# Idle surging at stops



## PA2269 (Jan 17, 2010)

have a 2.8 passat glx 2001. idle is surging when im at stops. now emissions workshop message came on with check engine light. The car started idling rough soon after i installed a k and n airl filter. not sure if this is just a coincedence. i heard it could be engine code p1128. an air fuel management problem. any help would be awesome


----------



## torquesteer (Jul 26, 2008)

*Re: Idle surging at stops (PA2269)*

Sounds like your ECU is not getting the correct info and having problems keeping the air/fuel correct at idle. Make sure the MAF sensor is installed the right way, and everything is plugged in. It may have something to do with your Idle air control valve, but it is prob. something that is not connected. Wile your car is idling tap the Idle Air Control Valve with a screwdriver or something.

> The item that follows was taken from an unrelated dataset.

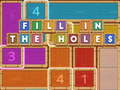 Game Fill In the holes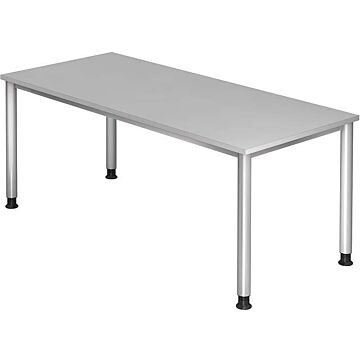 HAMMERBACHER Schreibtisch lichtgrau 1800x800 mm H-Serie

This can sometimes free up the steeper motor in the air control valve. I hope that helps some. GL with the problem.


----------



## dangerous_dave (Jun 28, 2006)

*Re: Idle surging at stops (torquesteer)*

He doesnt have an idle control valve on a 30v 2.8 bro. It could have everything to do with the k&n filter though. Oil on a maf could cause an idle issue. Clean it with crc maf cleaner. It could also be due to a bad throttle position sensor in the throttle body. It couldnt hurt to try and clean that too and then do a throttle body alignment afterwards.


----------



## torquesteer (Jul 26, 2008)

*Re: Idle surging at stops (dangerous_dave)*

Your right dave there is no IAC valve.... I guess I shouldn't drink and post!! LOL


----------



## Run_Rabbit_Run (Apr 8, 2009)

K&N already proved that the oil cant foul a maf, and if it was the maf it would run rough at other rpm's also. 
It could be a vaccum leak from somwhere though because that will cause a rough idle.


----------



## litesleeper (Sep 19, 2009)

*Re: (Run_Rabbit_Run)*


_Quote, originally posted by *Run_Rabbit_Run* »_K&N already proved that the oil cant foul a maf 










Please post a link to this information about K&N.


----------